= Amicale de Mauthausen =

The Amicale de Mauthausen is a French association in memory of the history of the Mauthausen-Gusen concentration camp.

Shortly after the end of World War II, on 1 October 1945, the organization named l'Amicale des déportés politiques de la Résistance de Mauthausen et de ses kommandos dépendants was founded. The original members were survivors of CC Mauthausen-Gusen and its subcamps.

Amicale de Mauthausen discovered that 198,000 people of 25 different nationalities (10,000 of them French) were deported to CC Mauthausen. 118,000 people died from forced labor or in one of the gas chambers, which were installed inside of the camp.
Particularly in the postwar years, but also today, the Amicale helps families of the missing and their children.
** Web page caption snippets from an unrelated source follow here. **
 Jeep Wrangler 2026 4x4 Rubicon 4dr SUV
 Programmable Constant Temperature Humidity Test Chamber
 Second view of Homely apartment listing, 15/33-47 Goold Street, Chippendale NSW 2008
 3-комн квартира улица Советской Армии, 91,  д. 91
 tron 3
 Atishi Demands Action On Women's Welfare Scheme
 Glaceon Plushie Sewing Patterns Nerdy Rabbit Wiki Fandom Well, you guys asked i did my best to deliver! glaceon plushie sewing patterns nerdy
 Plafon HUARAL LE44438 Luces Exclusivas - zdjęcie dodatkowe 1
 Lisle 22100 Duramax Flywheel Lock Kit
Since its founding, Amicale has been teaching about the crimes of national socialism.
Amicale appears at various international events, e.g., commemorations of the liberation of Mauthausen. They also arrange excursions to Mauthausen.

In the year 2000, there was an official generation change. Because of their age, the survivors of the camp handed over their functions to their children. There are still about 500 deportees and their families working for the association to commemorate their suffering.

The French Amical is a member of the Comité International de Mauthausen with around 1700 members in total. The head office is in Paris, but there are many members elsewhere too.

At the head office, there is the possibility for Austrians to serve for a short time instead of the military service as an Austrian Holocaust Memorial Servant.
The first Austrian Holocaust Memorial Servant started to work in Paris on 1 September 2008.